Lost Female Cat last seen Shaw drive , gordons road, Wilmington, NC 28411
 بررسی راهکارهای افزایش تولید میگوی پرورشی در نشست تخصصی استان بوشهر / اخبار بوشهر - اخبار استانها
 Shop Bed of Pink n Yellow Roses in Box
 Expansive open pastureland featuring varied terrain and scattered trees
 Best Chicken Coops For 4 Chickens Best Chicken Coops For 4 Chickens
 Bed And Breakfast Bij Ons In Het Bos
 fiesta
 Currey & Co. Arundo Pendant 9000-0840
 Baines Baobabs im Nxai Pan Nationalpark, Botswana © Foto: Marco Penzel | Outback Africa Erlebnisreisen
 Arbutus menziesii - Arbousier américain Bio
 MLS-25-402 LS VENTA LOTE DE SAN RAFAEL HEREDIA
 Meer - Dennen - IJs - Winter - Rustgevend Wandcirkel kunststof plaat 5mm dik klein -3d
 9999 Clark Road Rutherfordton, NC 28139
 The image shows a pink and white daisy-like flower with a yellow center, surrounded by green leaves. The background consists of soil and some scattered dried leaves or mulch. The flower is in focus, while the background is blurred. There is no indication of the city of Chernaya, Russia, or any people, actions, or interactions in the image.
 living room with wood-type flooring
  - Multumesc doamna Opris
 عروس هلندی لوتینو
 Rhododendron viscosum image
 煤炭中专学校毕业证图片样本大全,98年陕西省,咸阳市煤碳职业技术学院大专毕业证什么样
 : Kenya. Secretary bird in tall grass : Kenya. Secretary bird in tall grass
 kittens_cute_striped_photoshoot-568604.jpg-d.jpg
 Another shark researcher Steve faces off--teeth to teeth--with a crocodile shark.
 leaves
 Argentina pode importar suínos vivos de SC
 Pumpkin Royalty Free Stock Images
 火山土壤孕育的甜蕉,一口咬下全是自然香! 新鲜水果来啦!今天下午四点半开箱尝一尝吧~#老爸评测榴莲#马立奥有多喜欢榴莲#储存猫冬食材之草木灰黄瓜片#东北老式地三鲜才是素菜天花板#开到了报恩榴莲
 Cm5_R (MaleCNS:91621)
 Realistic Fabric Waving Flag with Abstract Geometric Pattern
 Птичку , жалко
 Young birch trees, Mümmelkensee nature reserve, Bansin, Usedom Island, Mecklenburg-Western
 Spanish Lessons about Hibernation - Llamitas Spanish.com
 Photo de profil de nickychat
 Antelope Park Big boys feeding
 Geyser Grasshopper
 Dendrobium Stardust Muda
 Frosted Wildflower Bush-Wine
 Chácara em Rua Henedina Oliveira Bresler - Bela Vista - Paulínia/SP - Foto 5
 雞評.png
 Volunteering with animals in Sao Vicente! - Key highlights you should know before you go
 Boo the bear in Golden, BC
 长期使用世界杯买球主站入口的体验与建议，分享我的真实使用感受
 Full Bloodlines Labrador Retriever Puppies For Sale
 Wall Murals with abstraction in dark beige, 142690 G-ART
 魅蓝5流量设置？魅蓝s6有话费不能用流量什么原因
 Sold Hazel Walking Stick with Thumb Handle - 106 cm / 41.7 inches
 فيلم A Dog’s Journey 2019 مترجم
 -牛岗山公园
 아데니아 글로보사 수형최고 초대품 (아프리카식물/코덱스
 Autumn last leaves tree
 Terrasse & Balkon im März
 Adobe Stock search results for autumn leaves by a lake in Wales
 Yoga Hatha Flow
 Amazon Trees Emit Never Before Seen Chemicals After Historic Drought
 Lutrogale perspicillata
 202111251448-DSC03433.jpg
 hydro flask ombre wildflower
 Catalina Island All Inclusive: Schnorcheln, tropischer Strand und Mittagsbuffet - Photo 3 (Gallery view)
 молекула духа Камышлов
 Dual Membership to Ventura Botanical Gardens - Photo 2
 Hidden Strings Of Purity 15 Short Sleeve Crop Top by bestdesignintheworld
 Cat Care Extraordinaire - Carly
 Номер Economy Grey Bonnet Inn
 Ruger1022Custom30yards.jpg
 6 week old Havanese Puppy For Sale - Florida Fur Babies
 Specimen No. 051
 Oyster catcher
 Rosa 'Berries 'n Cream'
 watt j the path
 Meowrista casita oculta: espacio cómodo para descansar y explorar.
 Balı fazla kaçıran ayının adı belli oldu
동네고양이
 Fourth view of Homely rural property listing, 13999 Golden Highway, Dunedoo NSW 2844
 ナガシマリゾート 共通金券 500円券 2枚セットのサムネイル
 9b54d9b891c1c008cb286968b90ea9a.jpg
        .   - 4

TASK TO COMPLETE >>
Restate word for word the entries above, starting at the line with "فيلم A Dog’s Journey 2019 مترجم" and ending at the line with "Hidden Strings Of", inclusive, and no others.

ANSWER >>
 فيلم A Dog’s Journey 2019 مترجم
 -牛岗山公园
 아데니아 글로보사 수형최고 초대품 (아프리카식물/코덱스
 Autumn last leaves tree
 Terrasse & Balkon im März
 Adobe Stock search results for autumn leaves by a lake in Wales
 Yoga Hatha Flow
 Amazon Trees Emit Never Before Seen Chemicals After Historic Drought
 Lutrogale perspicillata
 202111251448-DSC03433.jpg
 hydro flask ombre wildflower
 Catalina Island All Inclusive: Schnorcheln, tropischer Strand und Mittagsbuffet - Photo 3 (Gallery view)
 молекула духа Камышлов
 Dual Membership to Ventura Botanical Gardens - Photo 2
 Hidden Strings Of Purity 15 Short Sleeve Crop Top by bestdesignintheworld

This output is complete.